** Opening INPUT FOR THIS TASK block **

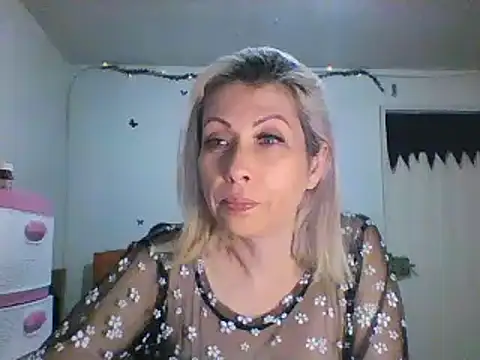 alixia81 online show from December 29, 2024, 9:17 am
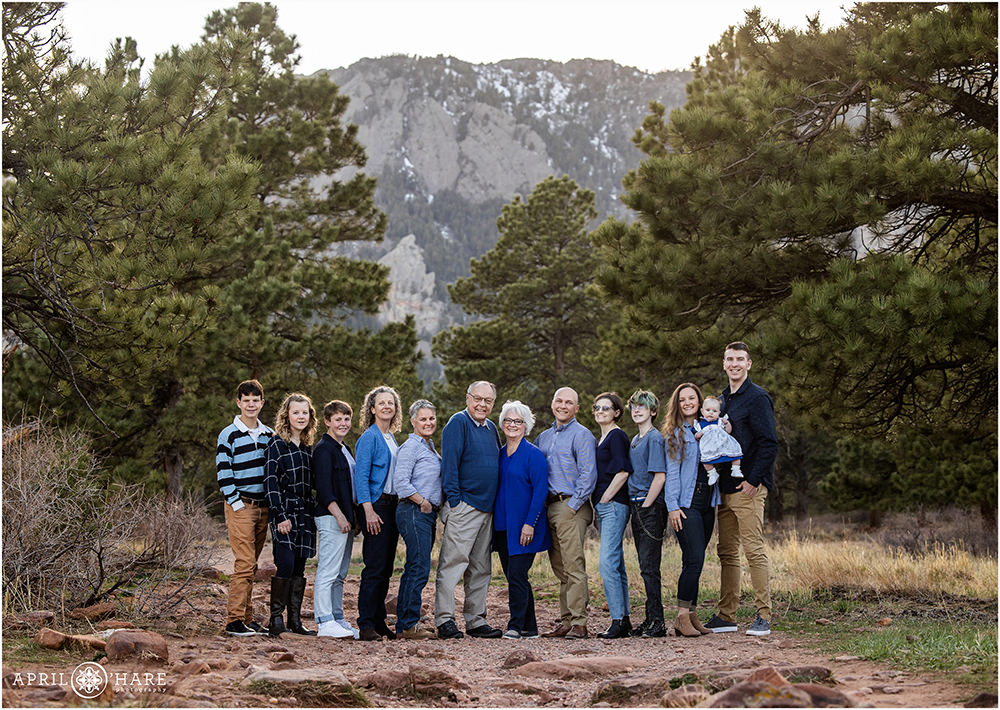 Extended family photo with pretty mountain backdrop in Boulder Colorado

** Closing INPUT FOR THIS TASK block **
** Opening INPUT FOR THIS TASK block **

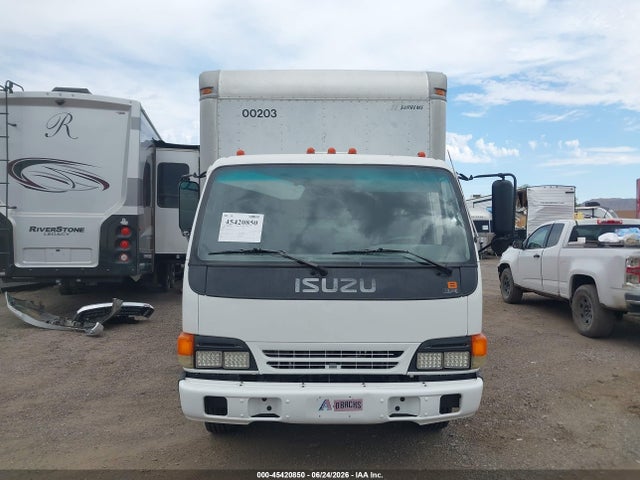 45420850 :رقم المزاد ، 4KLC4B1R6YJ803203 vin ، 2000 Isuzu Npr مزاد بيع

** Closing INPUT FOR THIS TASK block **

WHAT NEEDS TO BE DONE: The copy should hold exactly the lines above from the one with "alixia81 online show" through the one with "Extended family photo", both ends counted, and no pictures at all.

RESPONSE AREA:
 alixia81 online show from December 29, 2024, 9:17 am
 Extended family photo with pretty mountain backdrop in Boulder Colorado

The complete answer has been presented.